From the line below containing "ADD ON - Blue Opal Charm" to the final line, print each line exactly as written. No pictures belong in the copy.
┄┄┄┄┄┄┄┄┄┄
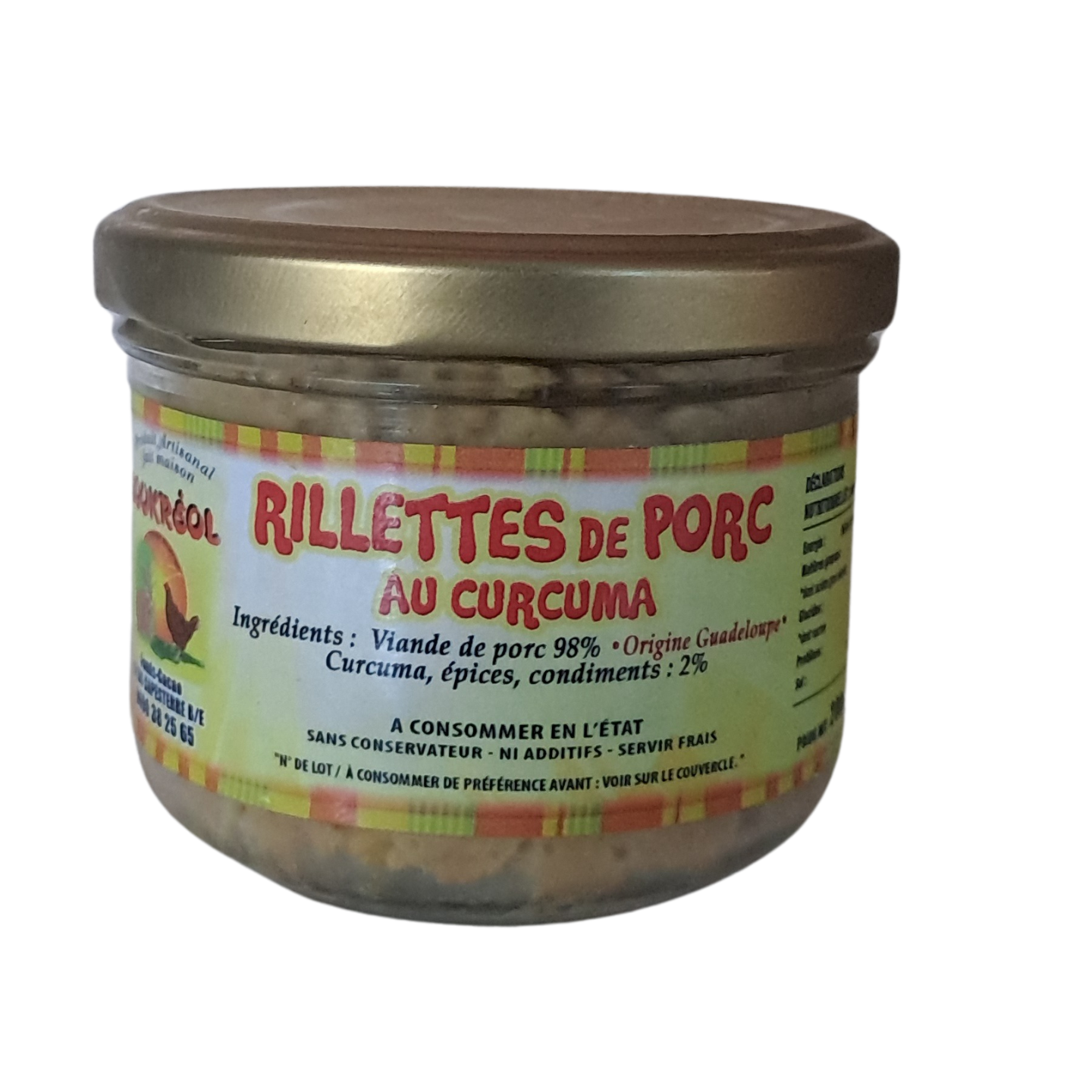 Rillettes de porc au curcuma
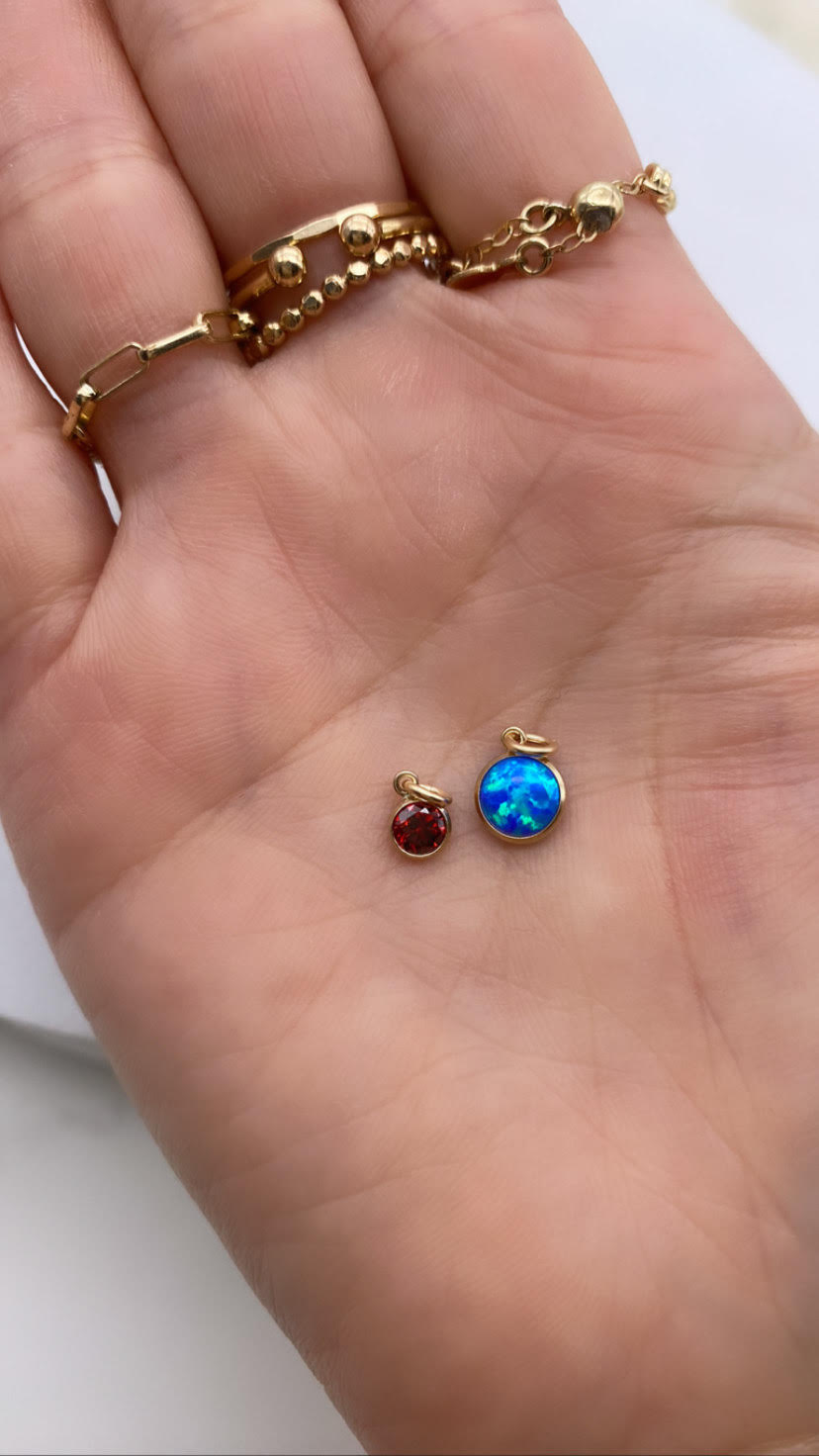ADD ON - Blue Opal Charm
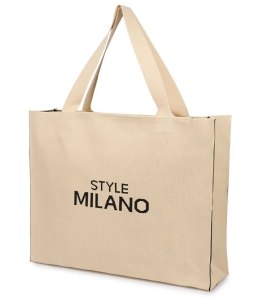 Pojemna torebka shopper STYLE MILANO (Beżowy)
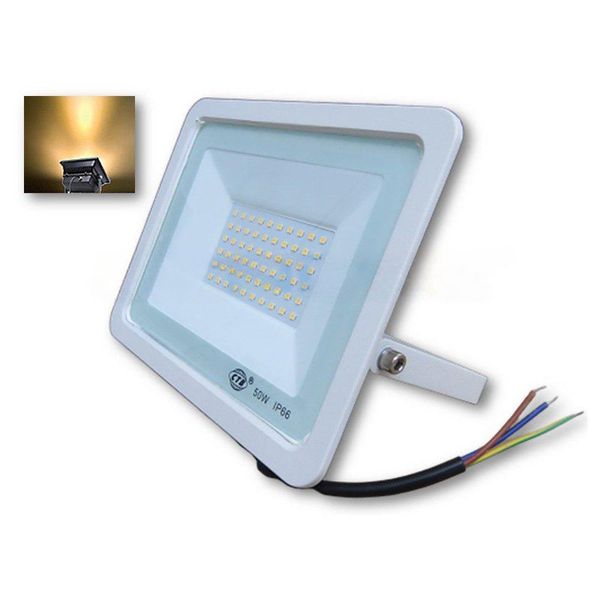 Refletor Holofote De Led 50w Branco - Branco Quente a Prova D'água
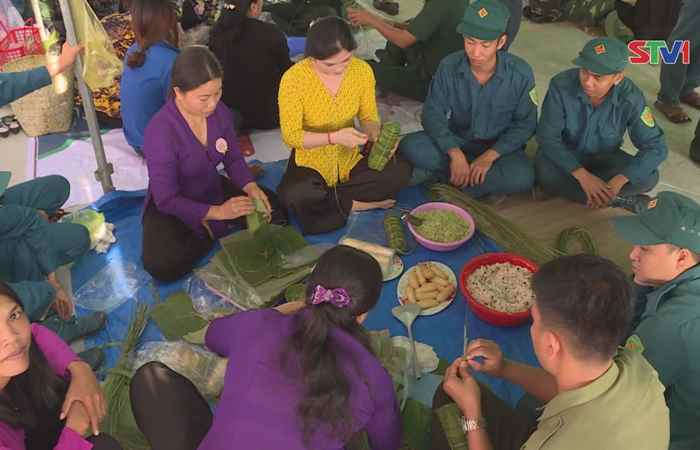 Những hoạt động nghĩa tình “ Tết quân - dân”  tại xã Ba Trinh huyện Kế Sách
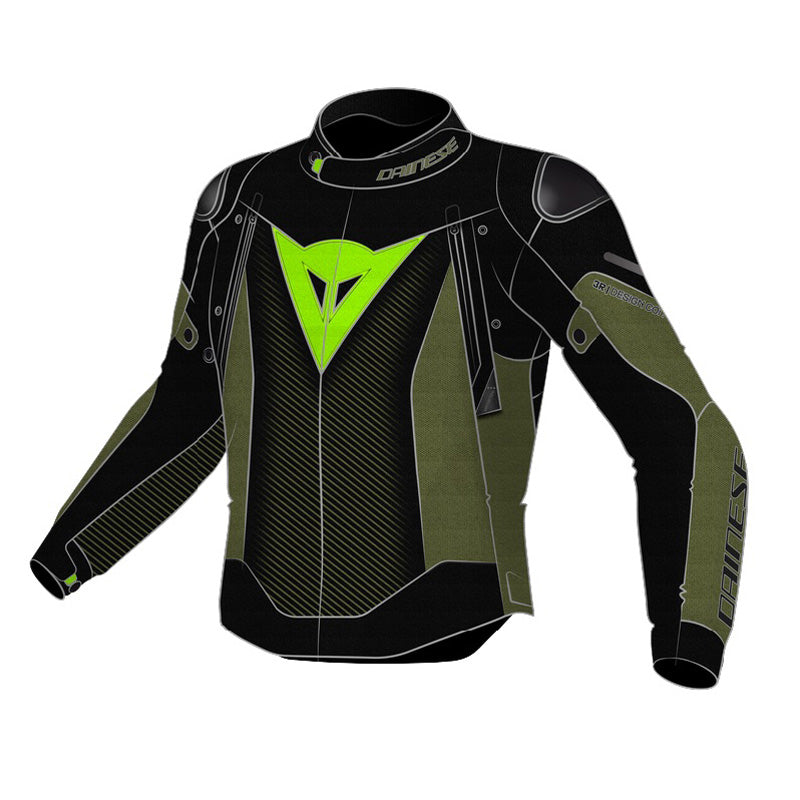Dainese SUPER SPRINT D-DRY JACKET BLACK/GREEN/FLUO YELLOW (54)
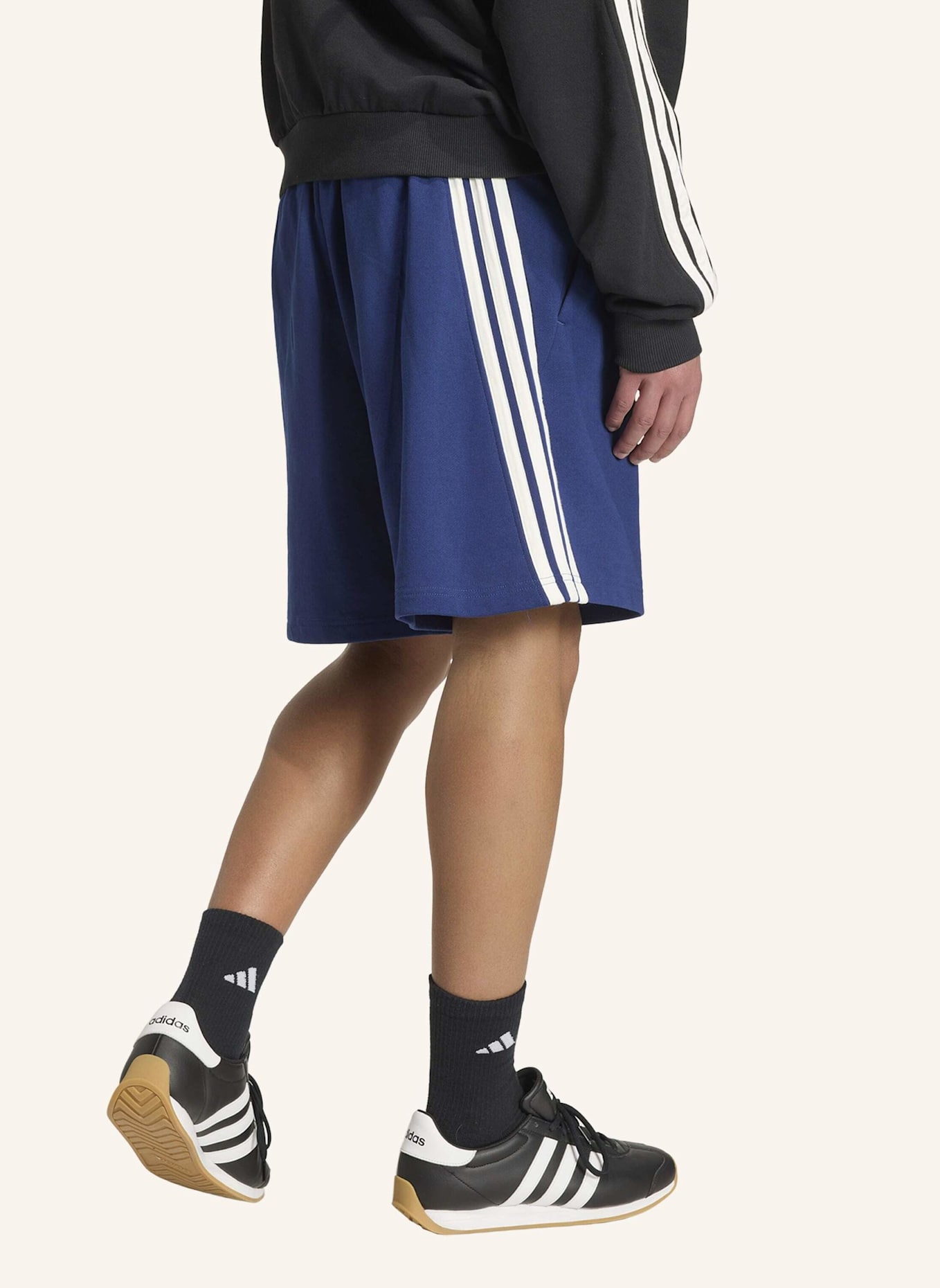 adidas ADIDAS KIT 3-STREIFEN SHORTS: BLAU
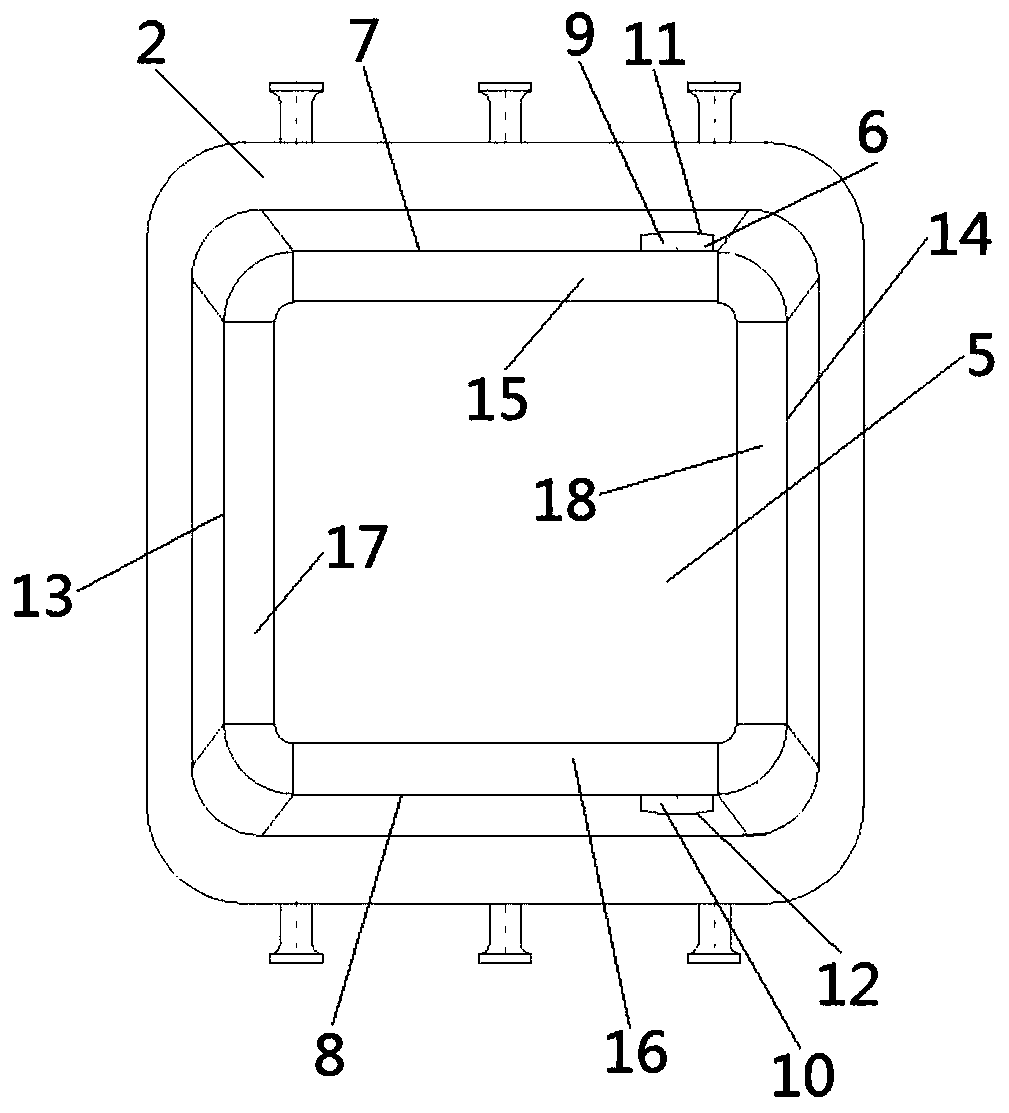 Air chopped slag treatment device for steelmaking slag treatment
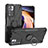 Custodia Silicone e Plastica Opaca Cover con Magnetico Anello Supporto JX1 per Xiaomi Poco X4 NFC Nero
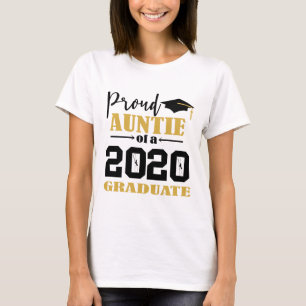T-shirt Fière tante d'un diplômé de 2020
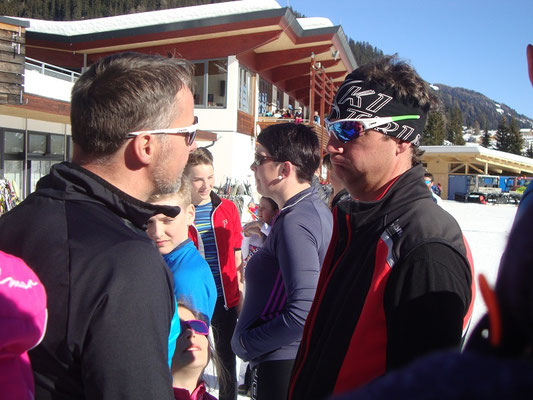 das Team Martin/Pauli bei der abschließenden Teambesprechung
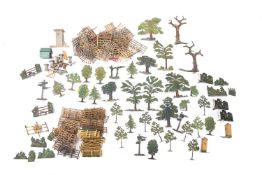A collection of Britains Home Farm Series diecast scenery.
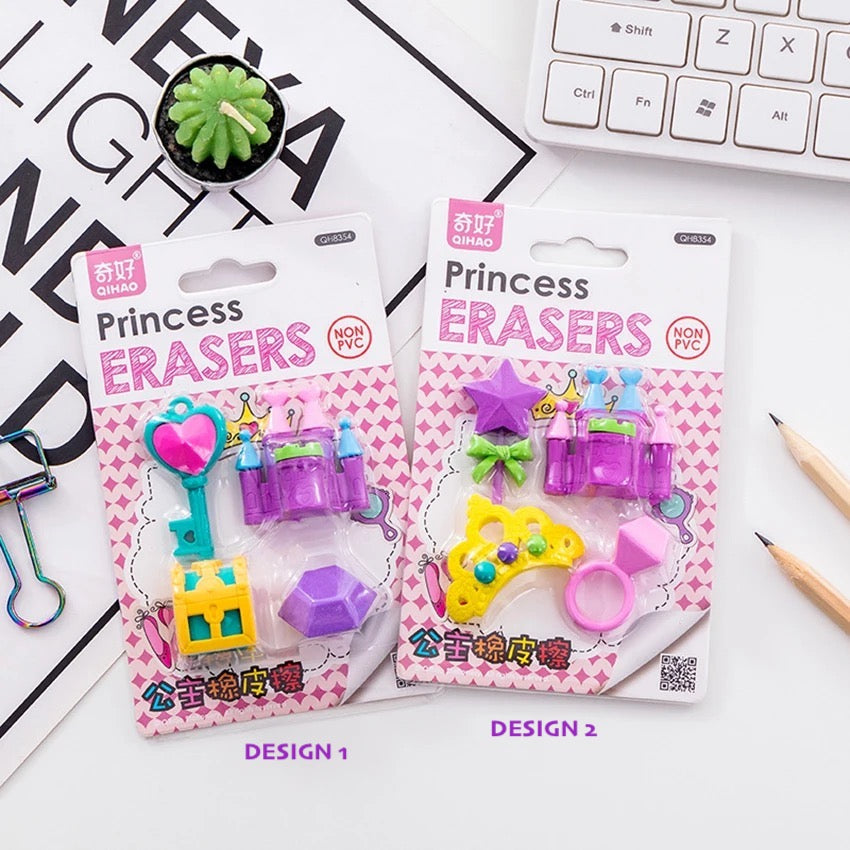Princess Eraser - Set of 4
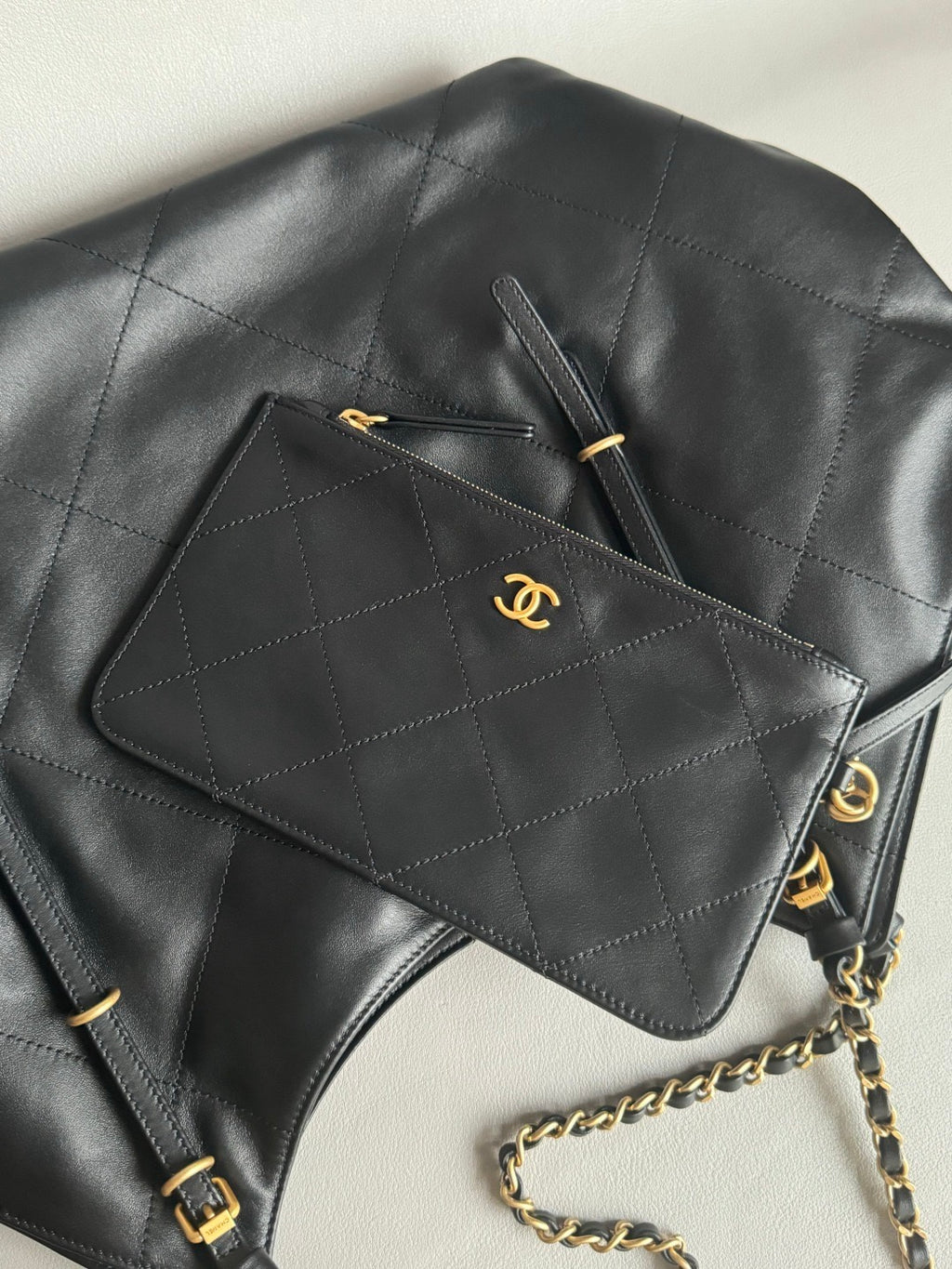 CHANEL-25S Tote golden/sliver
┄┄┄┄┄┄┄┄┄┄
• **Answer box**:
ADD ON - Blue Opal Charm
 Pojemna torebka shopper STYLE MILANO (Beżowy)
 Refletor Holofote De Led 50w Branco - Branco Quente a Prova D'água
 Những hoạt động nghĩa tình “ Tết quân - dân”  tại xã Ba Trinh huyện Kế Sách
Dainese SUPER SPRINT D-DRY JACKET BLACK/GREEN/FLUO YELLOW (54)
 adidas ADIDAS KIT 3-STREIFEN SHORTS: BLAU
 Air chopped slag treatment device for steelmaking slag treatment
 Custodia Silicone e Plastica Opaca Cover con Magnetico Anello Supporto JX1 per Xiaomi Poco X4 NFC Nero
T-shirt Fière tante d'un diplômé de 2020
 das Team Martin/Pauli bei der abschließenden Teambesprechung
A collection of Britains Home Farm Series diecast scenery.
Princess Eraser - Set of 4
 CHANEL-25S Tote golden/sliver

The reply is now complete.